Bach’s centuries old, devilishly difficult Goldberg Variations continue to challenge pianists and fascinate audiences.

Transcript

Bach is among the most prodigious and influential composers ever. And one piece he wrote late in his life is seen by pianists today as being as rewarding as it is intimidating.

Jeremy Denk: It’s so well trodden. It’s so difficult and so treacherous and everyone knows it and they know when you screw up and why would you do that to yourself?

Jeremy Denk is among a select group of classical pianists to have mastered the Goldbergs, a set of 32 variations on a theme that highlight Bach’s virtuosity.
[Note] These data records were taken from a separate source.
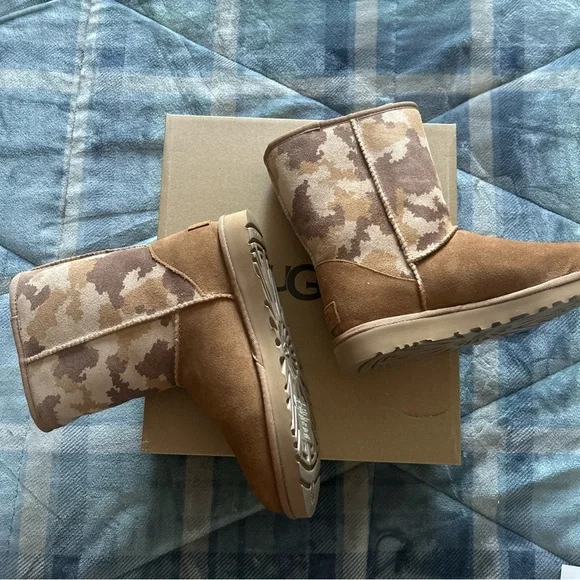 UGG Australia Short chesnut & Camo winter Boots 7 & 9 New in box - Picture 16 of 16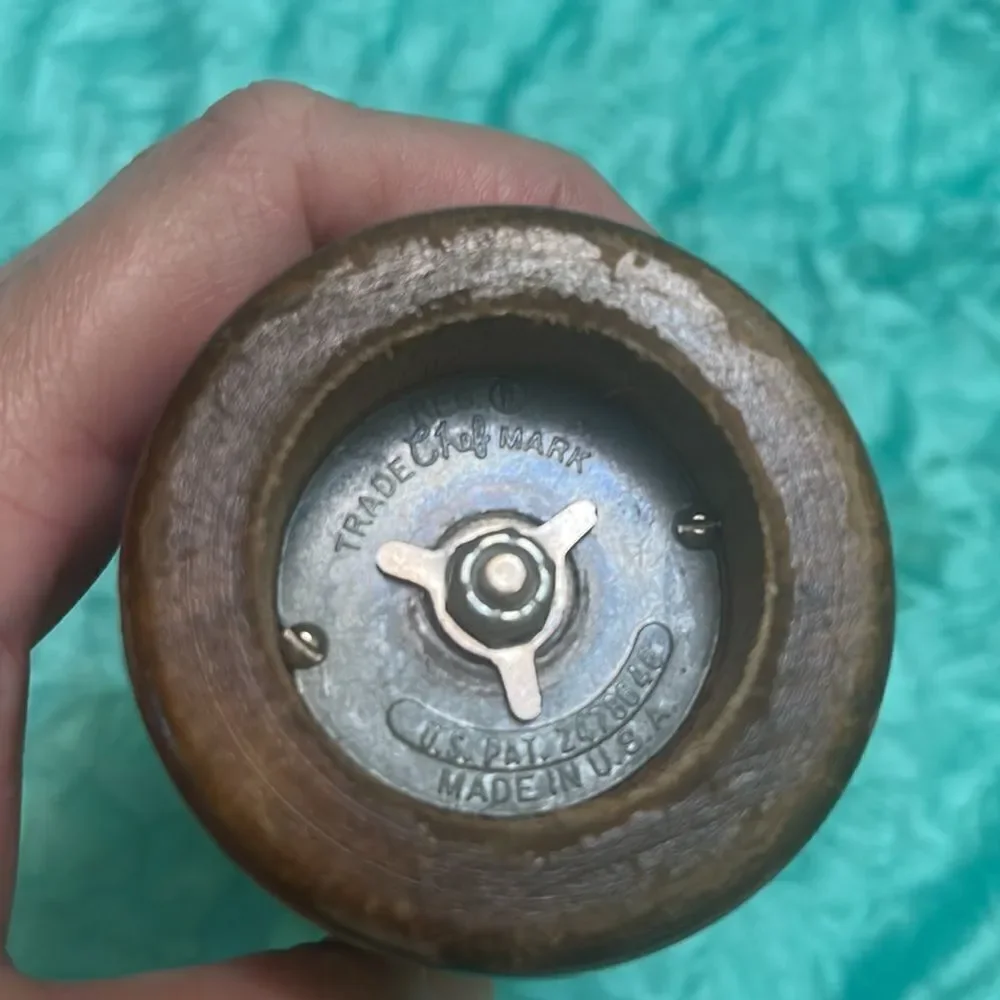 Vintage PepsiCola 1973 wooden Pepper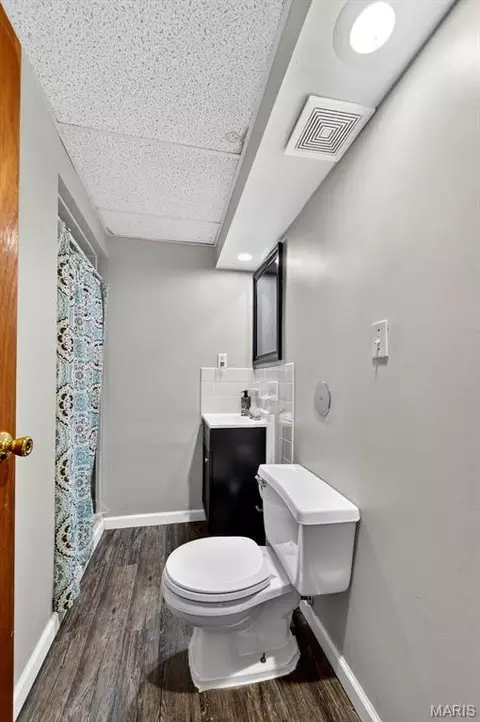 Bath - 204 Appletree Ct, Arnold, MO 63010 photo 4 of 4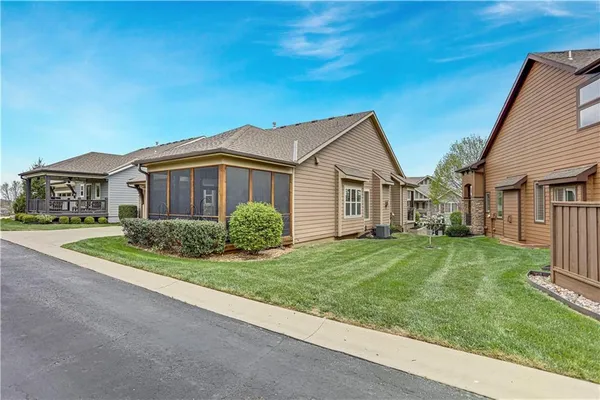 $550,000 | 8528 Cardinal Street, Lenexa, KS 66219
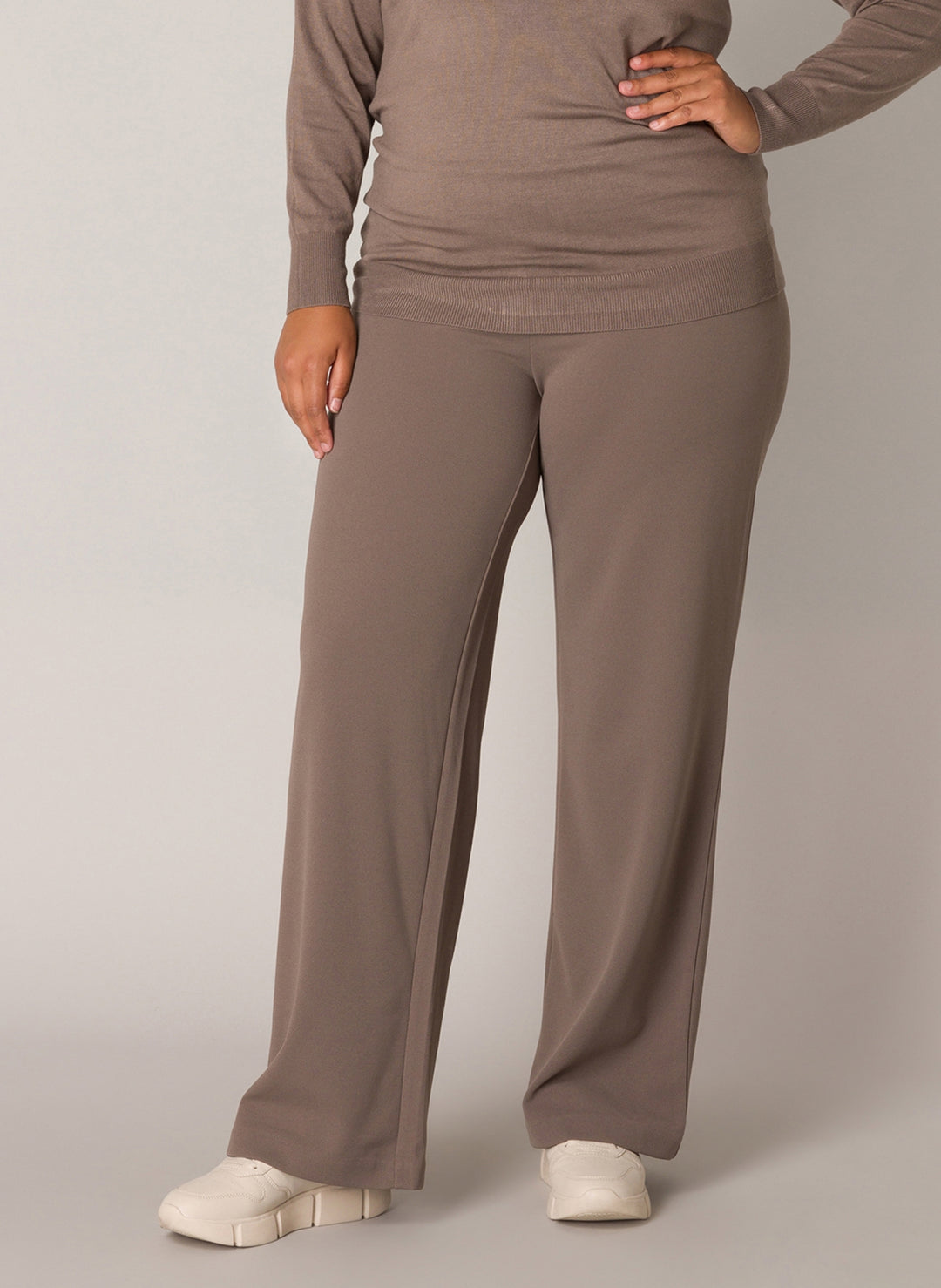 taupe wijde broek met een elastische tailleband - base level curvy - - grote maten - dameskleding - kledingwinkel - herent - leuven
Denk: You could say that he loved to show off and that he had more chops than any composer of all time basically, and he enjoyed using his chops as a vehicle for various things. It’s so loving, the way that he does it. It’s like each of the intervals is his friend and he knows them so well that he writes a little portrait of what they’re like.

Simone Dinnerstein: It’s a piece of music that seems to explore every different type of shade of feeling that it would be possible to have.
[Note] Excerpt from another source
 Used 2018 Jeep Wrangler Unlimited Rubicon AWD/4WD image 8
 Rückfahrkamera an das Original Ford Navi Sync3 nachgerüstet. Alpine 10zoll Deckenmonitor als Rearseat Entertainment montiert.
Simone Dinnerstein’s 2007 recording of the Goldberg Variations reached number one on Billboard’s classical music charts and helped launch her to international stardom. For Dinnerstein, they encapsulate everything that’s great about Bach.

Dinnerstein: The fact that Bach wrote this at the end of his life and that it seems to incorporate so many elements of other compositions that he wrote shows that he was thinking about a sort of huge tapestry unlike any other kind of composition that had come before it and really since it.

For many years the received wisdom was that Bach wrote the variations to ease the insomnia of a Russian diplomat. They were to be played by his court harpsichordist Johann Goldberg. This myth comes from a biography of the composer written more than a half a century after his death. It’s a nice story, but not altogether true, says Penn music professor Jeffrey Kallberg

Jeffrey Kallberg: As far as anyone can tell that you know was entirely made up. It’s one of those kind of nice stories that people like to tell about music.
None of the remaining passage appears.